Respondent's contention based on the discretionary nature of the Woods' account is also contradicted by his concession (Br. 34) that "churning" violates Section 10(b). "Churning occurs when a securities broker engages in excessive trading in disregard of his customer's investment objectives for the purpose of generating commission business." Ibid. (quoting 8 Loss & Seligman, supra, at 3874). A required element of a churning claim is that the alleged wrongdoer controlled trading in the account. See Armstrong v. McAlpin, 699 F.2d 79, 90 (2d Cir. 1983); Costello v. Oppenheimer & Co., 711 F.2d 1361, 1368 (7th Cir. 1983); Carras v. Burns, 516 F.2d 251 (4th Cir. 1975). The requisite "[c]ontrol is clearly established where the account is discretionary, a power of attorney has been executed in favor of the broker, and the trades completed without prior approval by the customer." Costello, 711 F.2d at 1368; 8 Loss & Seligman, supra, at 3877. Although respondent concedes that churning is covered by Section 10(b), he never explains how that concession is consistent with his position that his conduct is not covered.

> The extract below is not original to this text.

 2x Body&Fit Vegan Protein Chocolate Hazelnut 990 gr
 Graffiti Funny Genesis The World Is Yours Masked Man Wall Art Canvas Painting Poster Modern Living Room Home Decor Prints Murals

c. Respondent's attempt to distinguish Bankers Life fails for similar reasons. As respondent acknowledges (Br. 27, 29), the Court held in Bankers Life that the "in connection with" requirement was satisfied when corporate insiders induced the corporation to sell its securities by "dup[ing] [it] into believing that it, the seller, would receive the proceeds." 404 U.S. at 9. Respondent argues that Bankers Life differs from this case because "the seller 'needed to authorize the sale in Bankers Life' and was deceived into doing so," Resp. Br. 28 (quoting Gov't Br. 30), but respondent "could buy or sell securities for the Woods' account without obtaining specific authorization for each transaction" (ibid.). Respondent's proffered distinction thus relies on his untenable theory that a stockbroker's possession of discretionary authority insulates the broker from any claim that he has defrauded his customers in violation of Section 10(b). Respondent also ignores the fact that his failure to disclose his plans and actions deprived the Woods of the opportunity to prevent his sales of their securities. His deception was thus instrumental to those sales, just as the misrepresentation in Bankers Life was instrumental to the sale in that case.4

3. The "In Connection With" Requirement Is Satisfied Because Respondent's Deception And Securities Sales Were Integral Parts Of The Same Fraudulent Scheme

a. Contrary to respondent's contention, the Court need not decide in this case the question whether "all broker conversions of client funds or securities violate § 10(b)." Resp. Br. 9. Respondent did much more than just convert customer assets, and the Court can conclude that he violated Section 10(b) and Rule 10b-5 without deciding that every stockbroker conversion of customer assets violates those provisions. Respondent fraudulently sold securities, which he had promised to buy and sell for the benefit of his customers, for the secret purpose of misappropriating the proceeds, and then fraudulently embezzled the proceeds as he had planned. Both frauds were "in connection with" the securities sales because the frauds and the sales were integral parts of the same scheme.5

b. Respondent argues that the "in connection with" language requires that the fraud "pertain to" (Br. 11), be "part of," or "affect" a securities transaction (Br. 12), or that there be "a close" or "direct link" (Br. 13) between the fraud and the transaction. Those suggested criteria are satisfied here. Respondent's fraud "pertain[ed] to," was "part of," and "affected" the sales both because the sales, secretly made for his own benefit, were fraudulent, and because the proceeds were diverted to respondent in furtherance of his fraudulent scheme rather than transmitted to the Woods, who ended up with nothing in return for the securities that they sold. It is hard to imagine a more "direct link" between fraud and securities sales than when the sales were a fraud on the seller, were made with the fraudulent intent to embezzle the proceeds, and were necessary to generate the funds that were then embezzled.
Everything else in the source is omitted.